#Streaming and Accumulators

When a document is too large to fit in memory — tens of gigabytes of log data, massive data exports, or continuous feeds — XSLT 3.0's streaming features let you process it in a single pass without building the entire tree. If you have worked with IAsyncEnumerable, Utf8JsonReader, or System.IO.Pipelines in C#, the motivation is the same: process data as it flows through, never holding more than a small window in memory.

#Primary Source Streaming

The simplest way to enable streaming is to declare a streamable mode for the primary input document. When the default mode (or a named mode) is streamable, the XSLT processor reads the principal source document through an XmlReader rather than building a full in-memory tree:

<xsl:stylesheet xmlns:xsl="http://www.w3.org/1999/XSL/Transform" version="3.0">
  <!-- Stream the primary source document -->
  <xsl:mode streamable="yes"/>
  <xsl:template match="/">
    <summary>
      <xsl:apply-templates select="catalog/product"/>
    </summary>
  </xsl:template>
  <xsl:template match="product">
    <item name="{@name}" price="{@price}"/>
  </xsl:template>
</xsl:stylesheet>

With xsl:mode streamable="yes" on the unnamed (default) mode, the initial apply-templates call reads the input document as a stream. No tree is built for the primary source.
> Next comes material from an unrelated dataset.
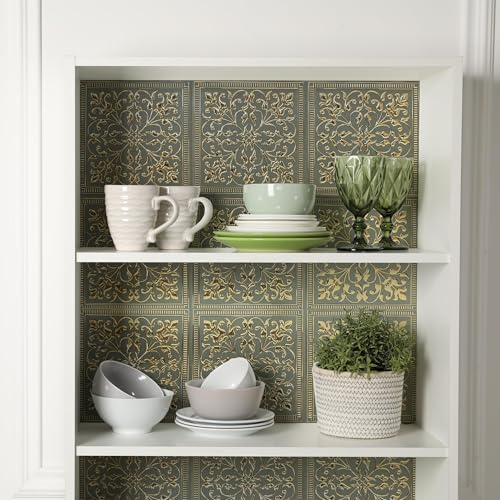 Peel and Stick Metal Backsplash Tiles, Rustic Farmhouse, 10-Pack - style: Rustic Farmhouse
#Detecting Streaming Support

You can check at compile time whether the processor supports streaming:

<xsl:if test="system-property('xsl:supports-streaming') = 'yes'">
  <!-- streaming-specific logic -->
</xsl:if>

system-property('xsl:supports-streaming') returns "yes" in PhoenixmlDb.

#The Streaming Concept

In conventional (non-streaming) XSLT processing, the entire input document is parsed into an in-memory tree before any templates execute. This is fine for documents up to a few hundred megabytes, but fails for larger documents.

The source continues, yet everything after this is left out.